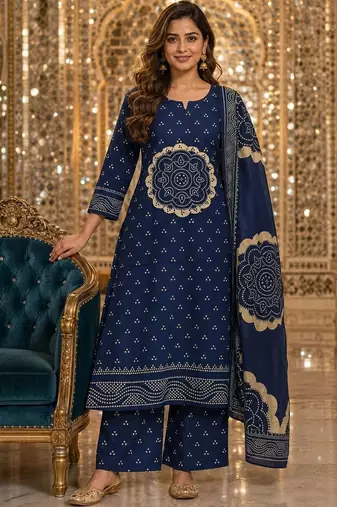 women ethnic motifs printed regular  cotton kurta with palazzos & with dupatta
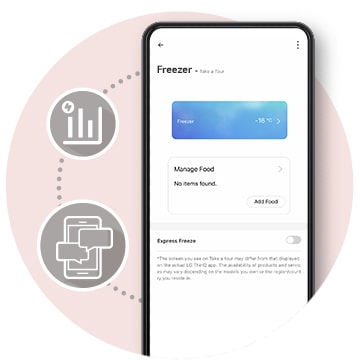 It shows a mobile screen and icons that introduce the functionality of the freezer.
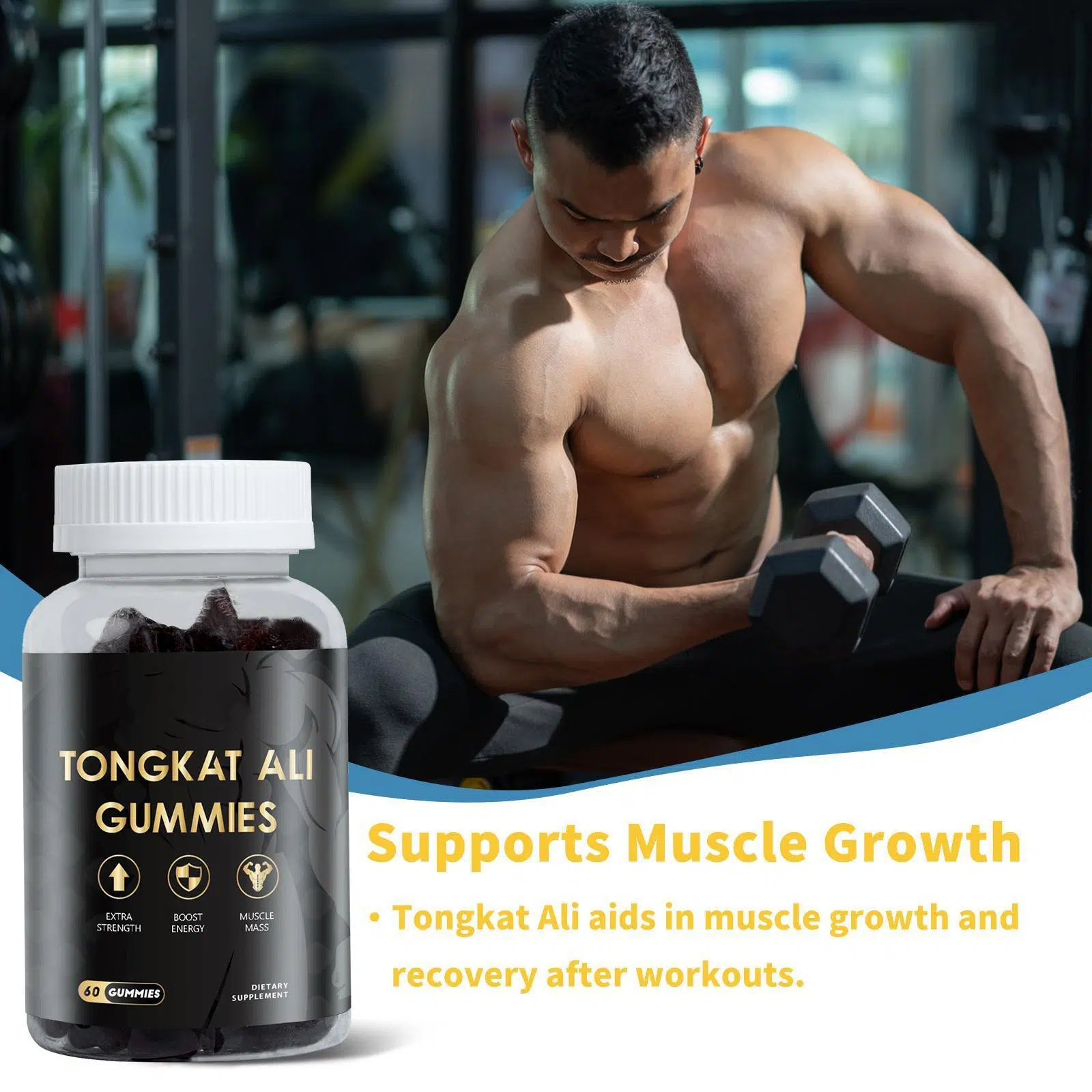 Tongkat Ali Gummies, Natural Dietary Supplement for Energy, Stamina and Health, 60 Gummies/Bottle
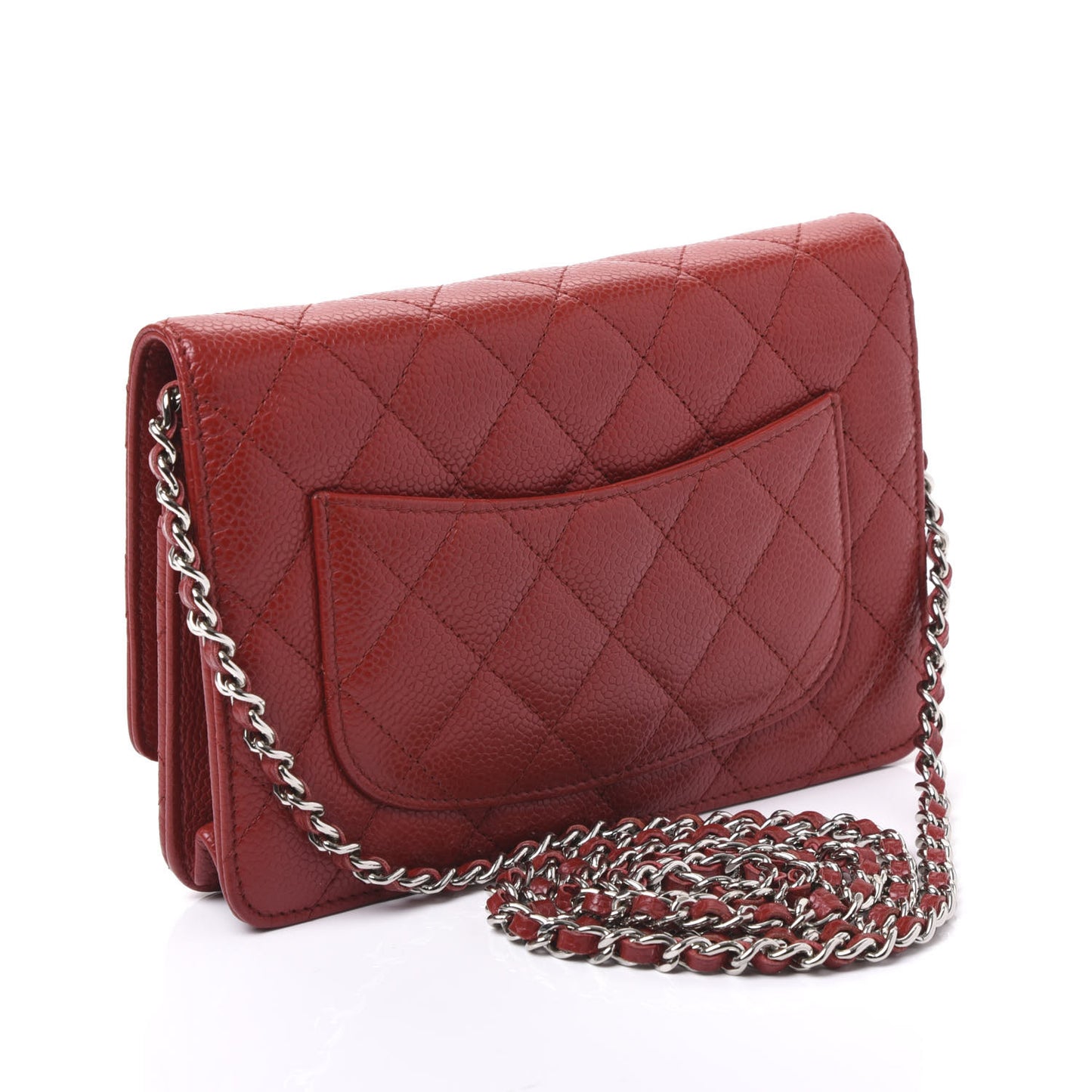Caviar Quilted Wallet On Chain WOC Red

--- Action item ---
Everything in the listing above must be retyped exactly, except for the pictures.

--- Task answer ---
 women ethnic motifs printed regular  cotton kurta with palazzos & with dupatta
 It shows a mobile screen and icons that introduce the functionality of the freezer.
 Tongkat Ali Gummies, Natural Dietary Supplement for Energy, Stamina and Health, 60 Gummies/Bottle
Caviar Quilted Wallet On Chain WOC Red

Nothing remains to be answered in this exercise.